Work item:
Write out the lines of the material below exactly, beginning at the line with "Pots transparents pour orchidées" and stopping after the line with "画像5: 新成虫☆Dibang Valley産☆ウエストウッディ", and leave out the pictures.

Provided material:
---------------

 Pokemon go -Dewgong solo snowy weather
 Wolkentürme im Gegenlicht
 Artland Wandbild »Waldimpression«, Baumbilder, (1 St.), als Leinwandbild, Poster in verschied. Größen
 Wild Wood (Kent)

---------------

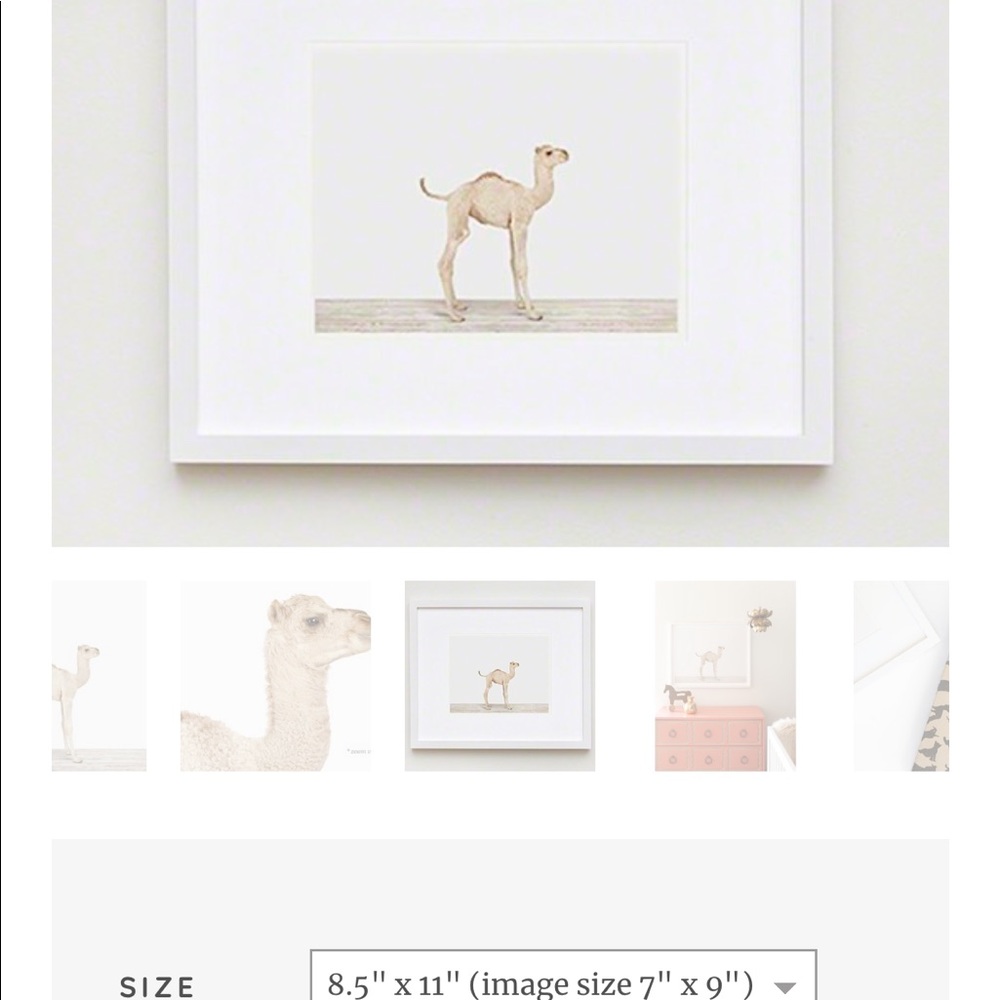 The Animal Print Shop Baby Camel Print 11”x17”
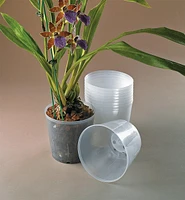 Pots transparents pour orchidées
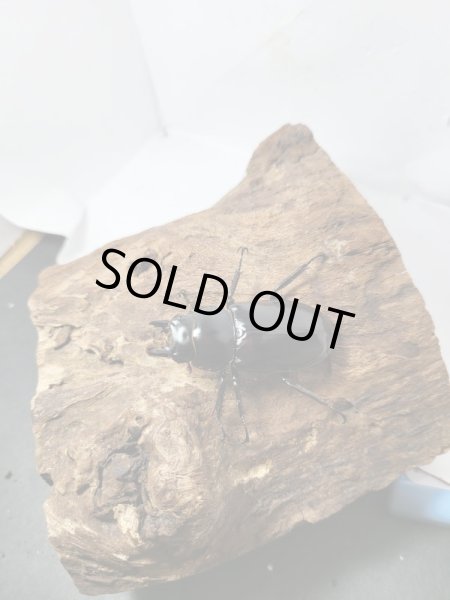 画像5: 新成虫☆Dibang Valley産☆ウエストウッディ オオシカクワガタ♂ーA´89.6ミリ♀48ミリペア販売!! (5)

---------------

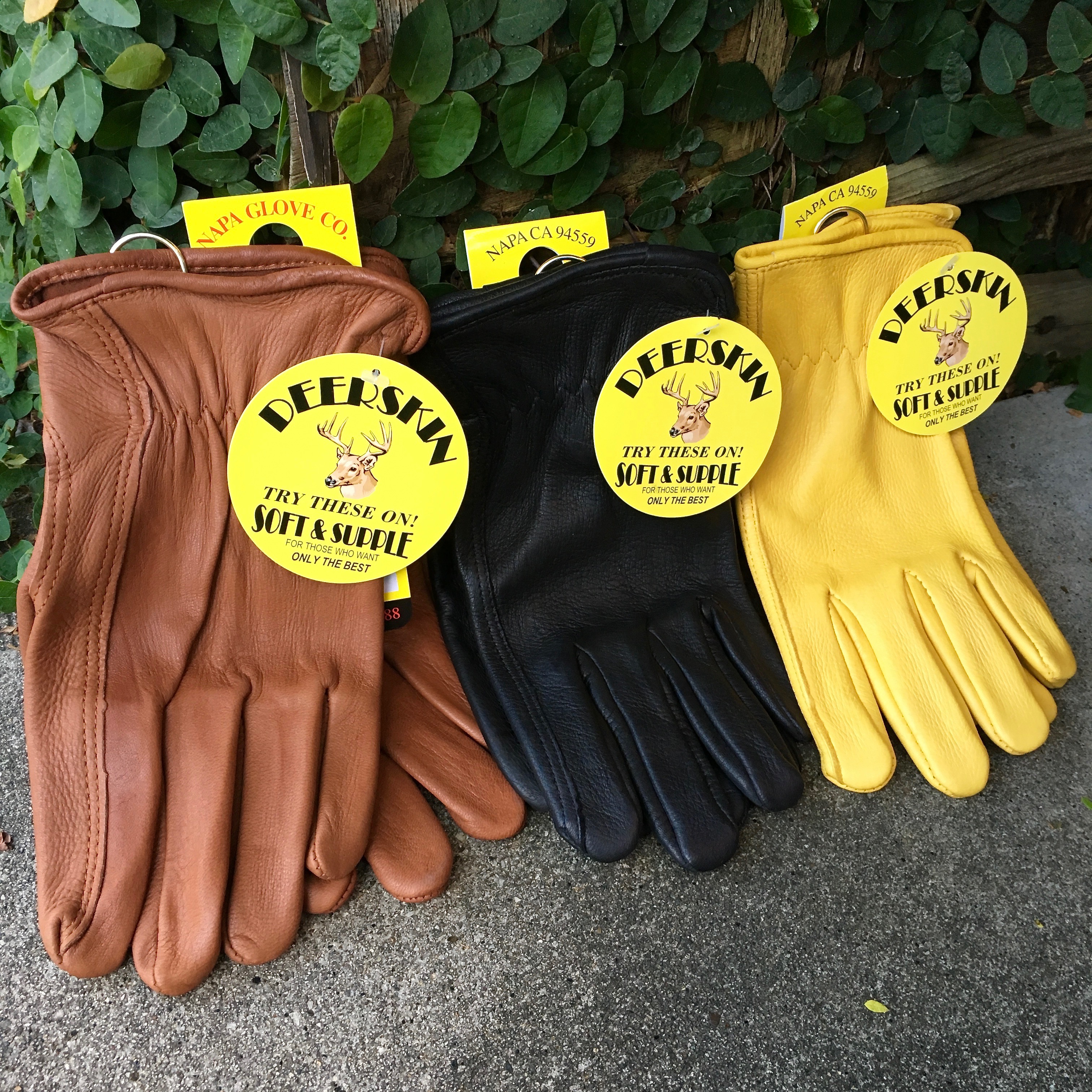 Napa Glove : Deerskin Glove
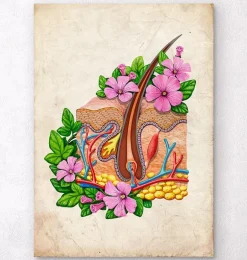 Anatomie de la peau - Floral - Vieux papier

---------------

Output for this task:
 Pots transparents pour orchidées
 画像5: 新成虫☆Dibang Valley産☆ウエストウッディ オオシカクワガタ♂ーA´89.6ミリ♀48ミリペア販売!! (5)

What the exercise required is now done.